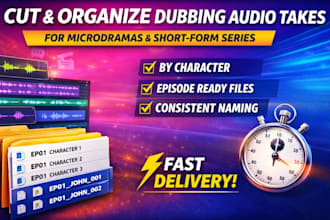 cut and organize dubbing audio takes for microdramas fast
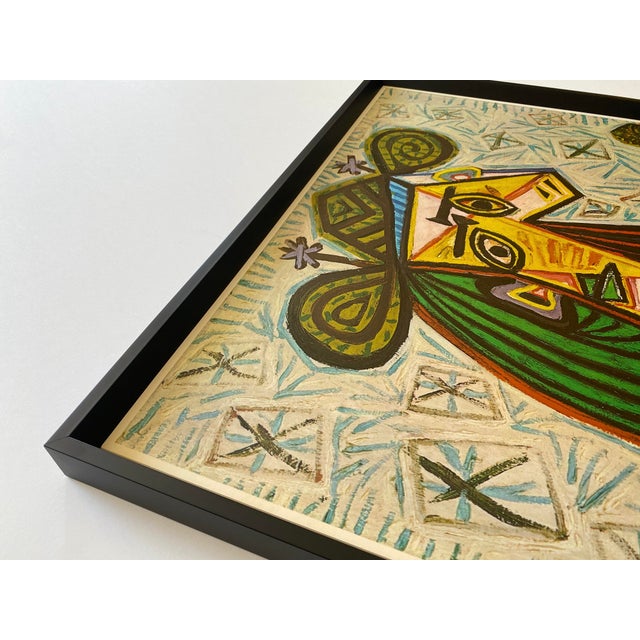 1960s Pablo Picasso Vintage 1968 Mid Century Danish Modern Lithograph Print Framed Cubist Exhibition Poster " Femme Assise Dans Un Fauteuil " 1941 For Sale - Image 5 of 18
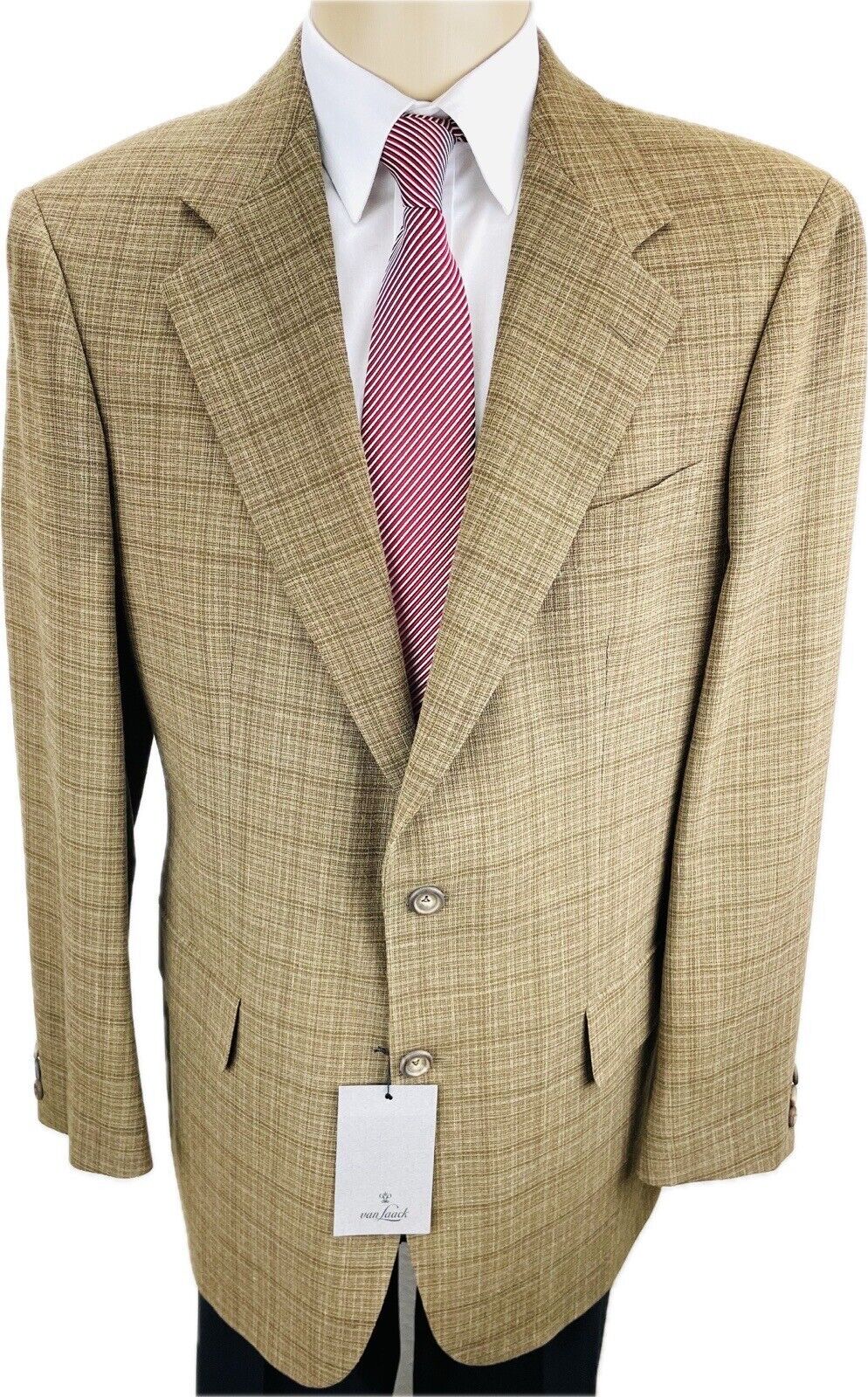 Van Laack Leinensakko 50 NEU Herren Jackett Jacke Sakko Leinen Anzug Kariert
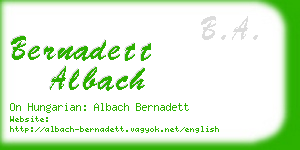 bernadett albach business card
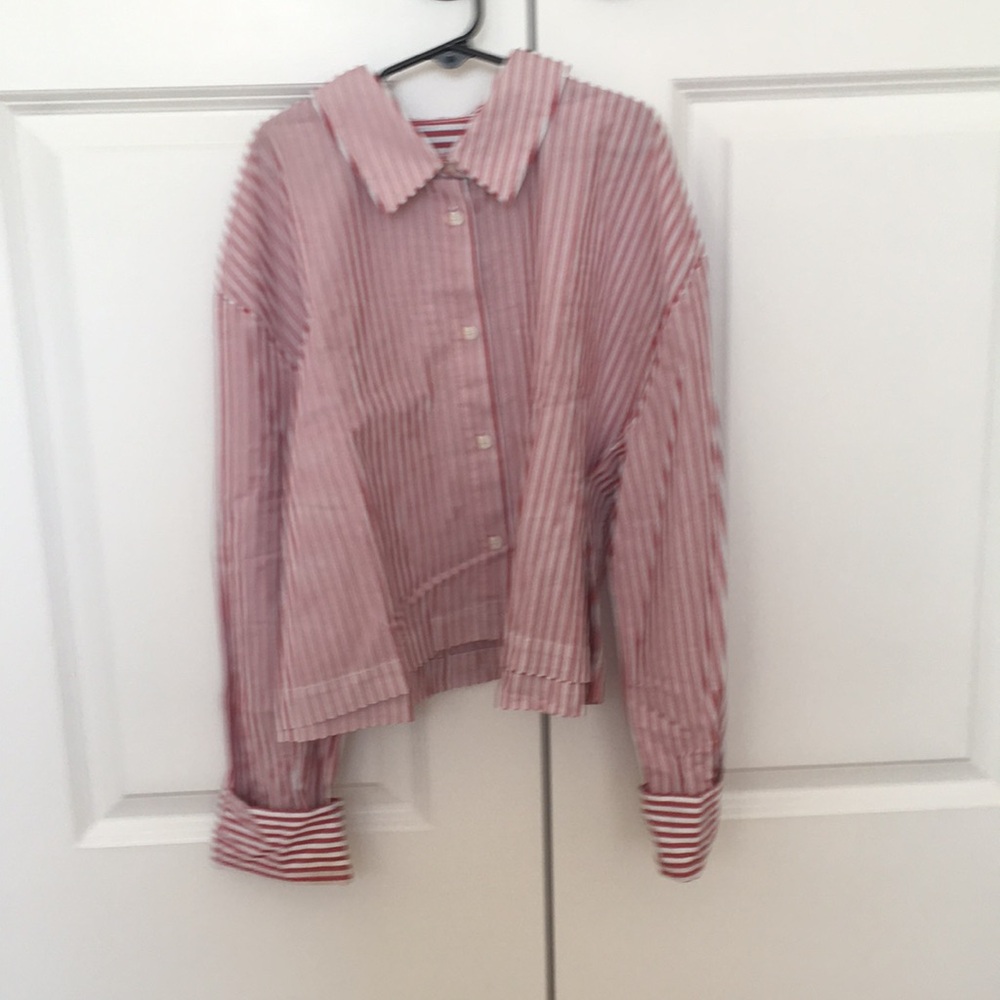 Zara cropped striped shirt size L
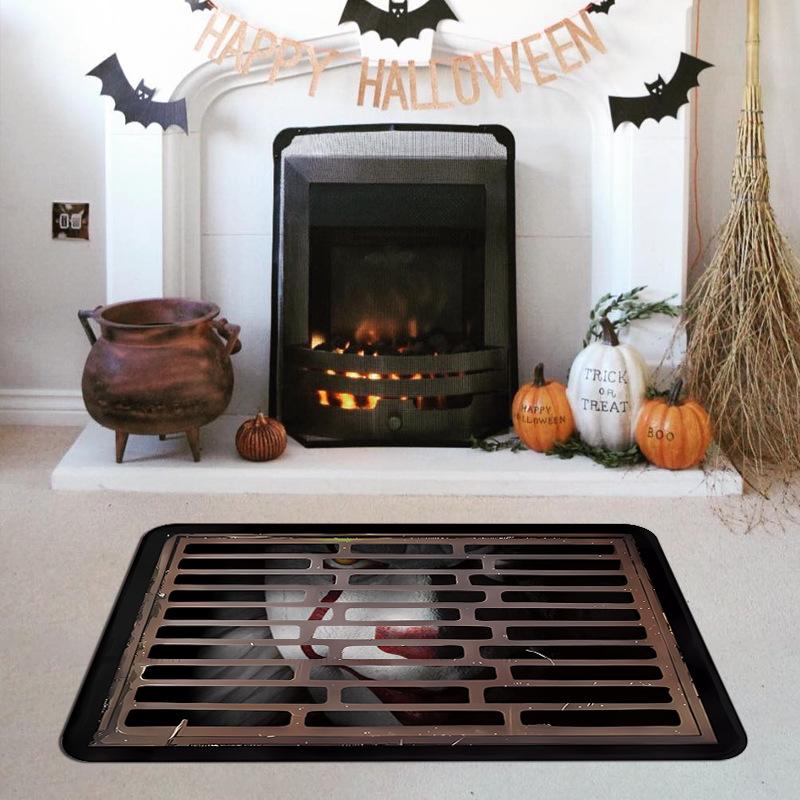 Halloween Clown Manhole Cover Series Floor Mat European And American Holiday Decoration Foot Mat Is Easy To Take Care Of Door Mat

---

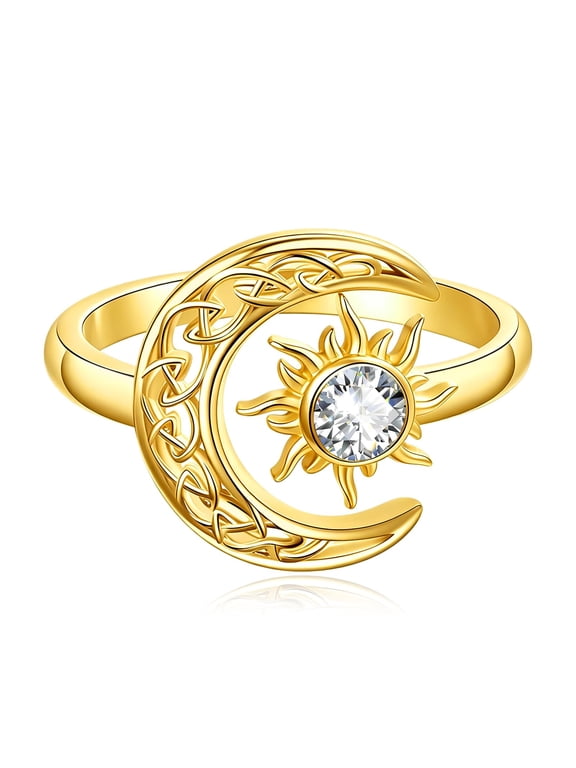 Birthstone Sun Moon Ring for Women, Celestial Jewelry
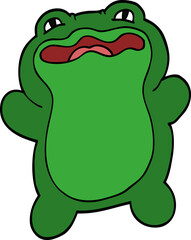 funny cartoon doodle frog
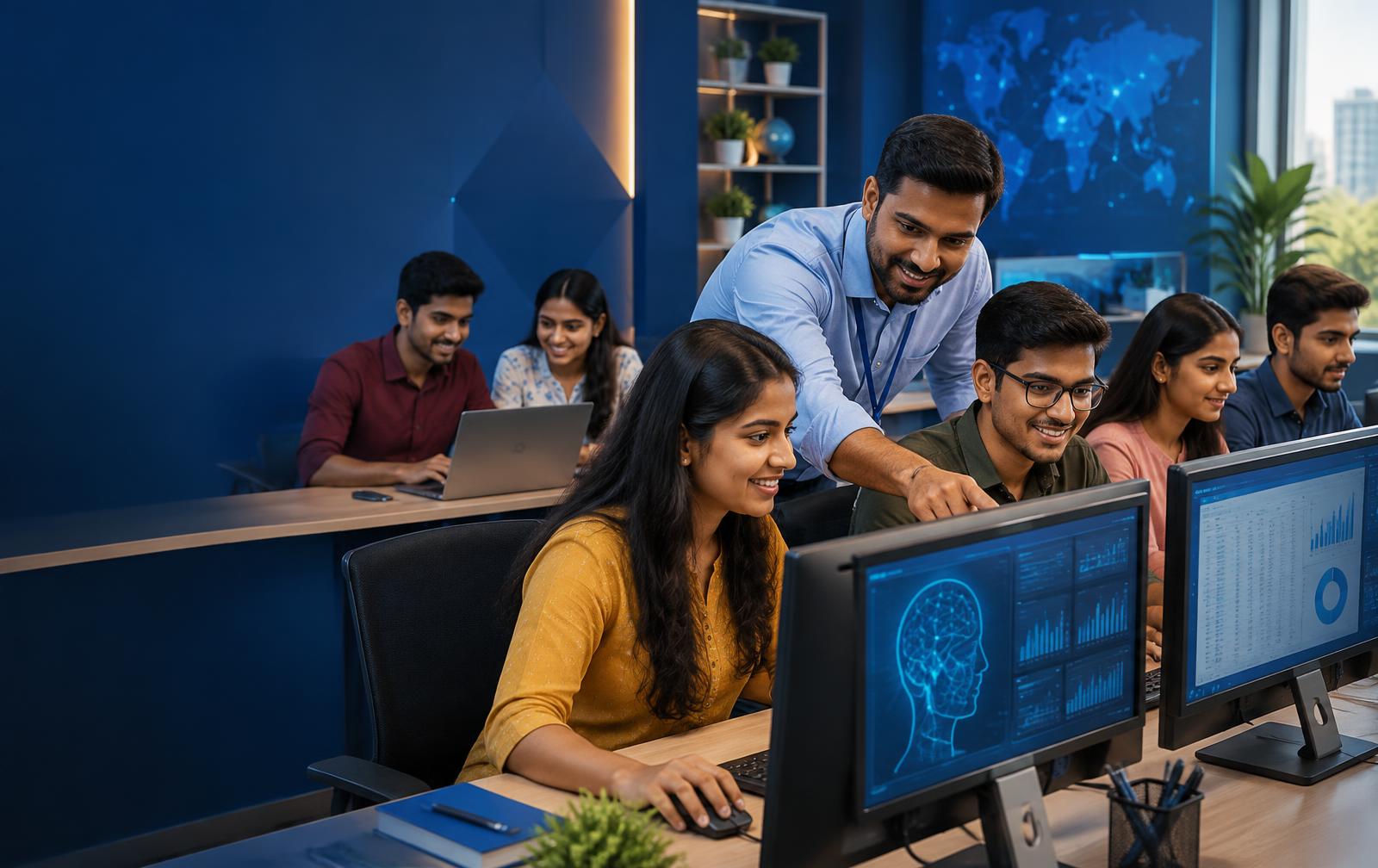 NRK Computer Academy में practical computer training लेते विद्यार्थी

=== EXERCISE ===
Extract from the material above the stretch running from the line containing "Zara cropped striped shirt size L" through the line containing "Halloween Clown Manhole". Keep the text exact and the pictures out.

=== PROBLEM SOLUTION ===
 Zara cropped striped shirt size L
 Halloween Clown Manhole Cover Series Floor Mat European And American Holiday Decoration Foot Mat Is Easy To Take Care Of Door Mat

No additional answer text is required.